Remember that $e$ is just a number, $e=2.71828 \dots$ and therefore $e^{-14}=(2.7128 \dots)^{-14}=0.00000083152 \dots$
A: Consider the equation:
$$(\forall x)\, x + 1 > x$$
Obviously in this equation, you can substitute $x = -14$  or whatever you want and get an equally valid equation: $-14 + 1 > -14$.
One the other hand, consider the equation:
$$\sum_{x = 1}^4 x + n = 10 + 4n$$
What would it signify to substitute $x=-14$ into the above equation?  It would be nonsense.  For comparison, what if $n = -14$ were substituted into the above equation?  You would get the valid result $\sum_{x = 1}^{4} x + -14 = 1 - 14 + 2 - 14 + 3 - 14 + 4 - 14 = 10 - 4\cdot 14$.  That's because, even though we didn't write it, it's understood that the above equation is:
$$(\forall n)\, \sum_{x = 1}^4 x + n = 10 + 4n$$
So you can substitute any $n = \text{ whatever}$ into the above equation because that is what the forall $\forall$ indicates.

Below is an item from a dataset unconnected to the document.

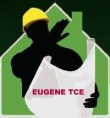 logo Vesztroczi Eugene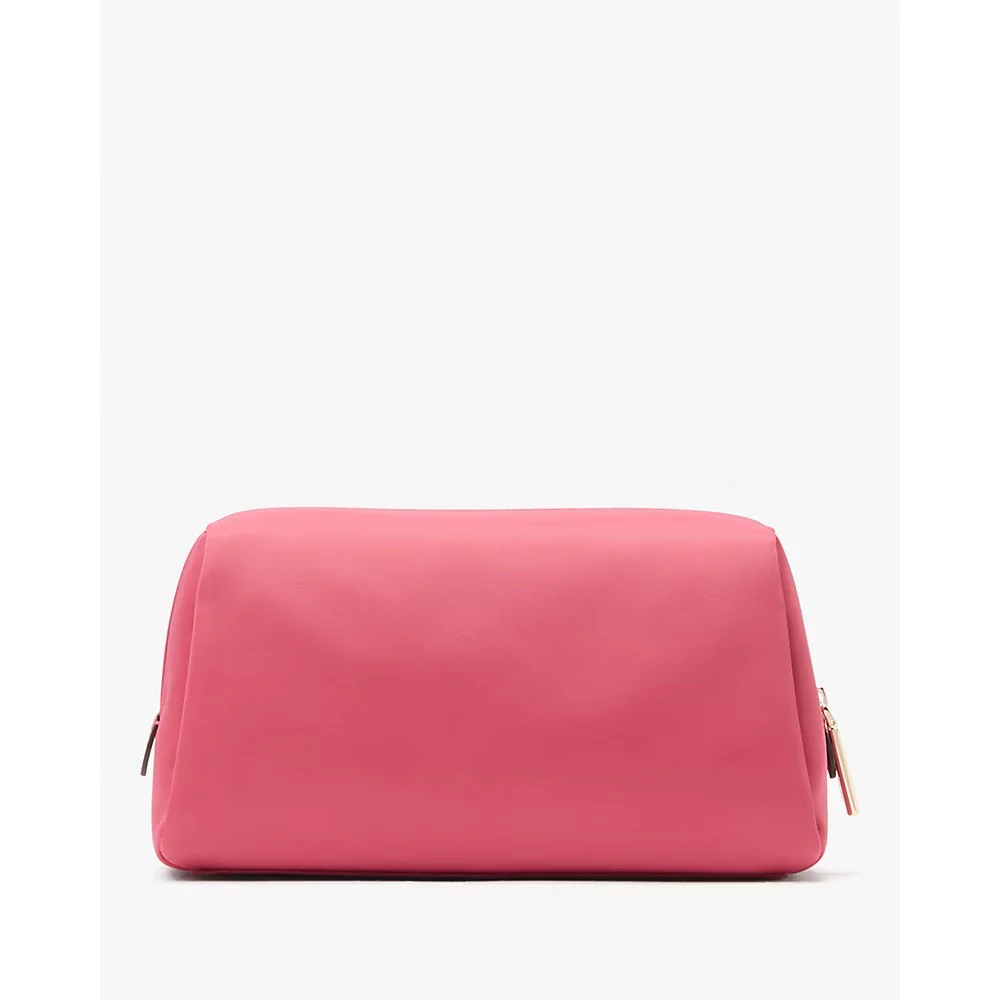 Katespadecarternyloncosmeticpouchinr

Although it's a pain, the equation
$$\frac{de^x}{dx} = e^x$$
is not a shorthand for 
$$(\forall x)\frac{de^x}{dx} = e^x$$
It is more exactly a shorthand for "the derivative of the exponential function is the exponential function", which if you want to see how ugly that actually looks:
$$\text{diff}(x \rightarrow e^x) = x \rightarrow e^x$$
That's long and difficult so we don't write that.  But the point is that you can't assume an arbitrary substitution like $x = \text{whatever}$ unless the $x$ comes from a $\forall x$.
A: $e^x$ is a function that depends on $x$. $e^{-14}$ is a constant.